One-third of Estonia’s Natura 2000 sites are located on private land, a significant share of which is covered by forests. Private forest owners may apply for subsidies to compensate for the loss of income due to the limited economic activity permitted in protected areas.

The current support scheme is outdated, which is why our project aims to involve private forest owners and the organisations unifying them in the process of modernising support and to give forest owners a more active role to play in planning and implementing nature conservation activities.


Updating the private forestry support system

In the spring of 2021, the Estonian Private Forest Centre identified the satisfaction of private forest owners and their wishes for the future, which were linked to the Natura subsidy for private forest land. The results of the survey will be used by the Estonian Private Forest Centre and the Estonian Private Forest Association for a more in-depth study in 2024, with which they will identify problem areas and possible solutions involving the Natura subsidy.

In co-operation with the Estonian University of Life Sciences, experts calculated the impact of new possible support measures in the winter of 2022 to determine the approximate cost of three scenarios (compensation for the obligation to tolerate, income lost from the sale of timber, and support for growing natural values).

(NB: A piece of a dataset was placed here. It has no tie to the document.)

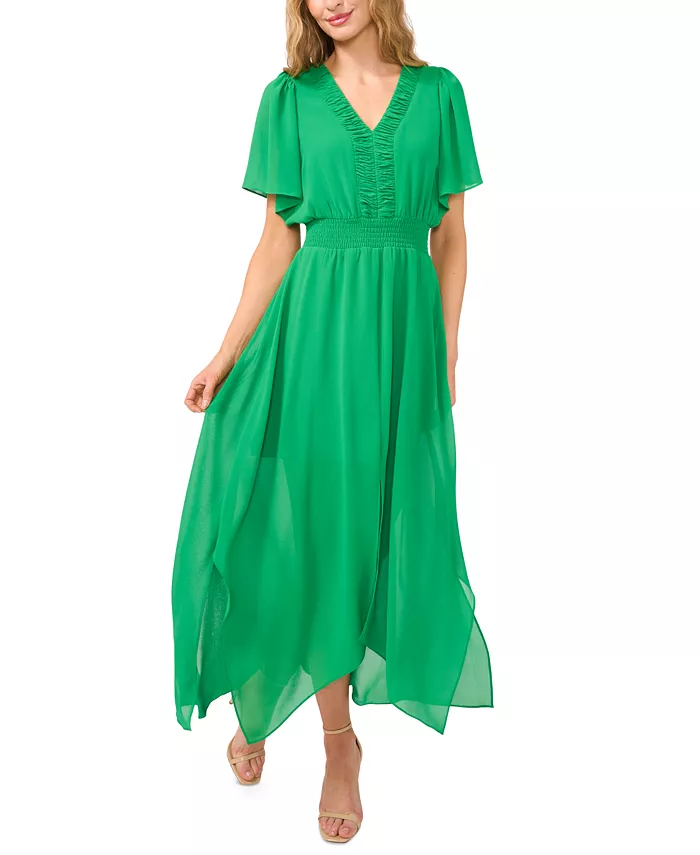 Женское макси-платье с расклешенными рукавами, сборками на талии и V-образным вырезом CeCe, зеленый
Женское макси-платье с расклешенными рукавами, сборками на талии и V-образным вырезом CeCe, зеленый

In the first case, i.e. in the case of compensation for the obligation to tolerate, the amount of support depends on the severity of the restriction, and in the second case, on the income lost from the sale of timber, which depends on the quality or soil type. In the third case, i.e. support for the cultivation of natural values, the input is provided by ecologists.

The private forestry support system must be updated by 2025.


Establishment of active measures

The current private forestry support is a passive form of compensation, with which lost income is compensated. However, active measures are needed to improve the condition of many forest habitats.

In order to plan active forestry methods promoting nature conservation, the University of Tartu organised brainstorming sessions in the spring of 2021 under the leadership of Professor Asko Lõhmus. Discussions took place over which integrated activity or technique would be affordable for a private forest owner in Estonia and would solve nature conservation problems to a significant extent.

In order to better describe the activities, private forest owners were divided into four groups on the initiative of Maie Kiisel, a social scientist at the University of Tartu, and when proposing the measures, thought was given to ensuring that the needs of each specific group were met.
The brainstorming sessions resulted in 16 active nature conservation measures and four passive, more conserving measures.

During 2022 and 2023, project experts will test a variety of active forest management measures and assess the capacity of forest owners, forest cooperatives, and forestry enterprises to implement them. The final report will be completed by 2024.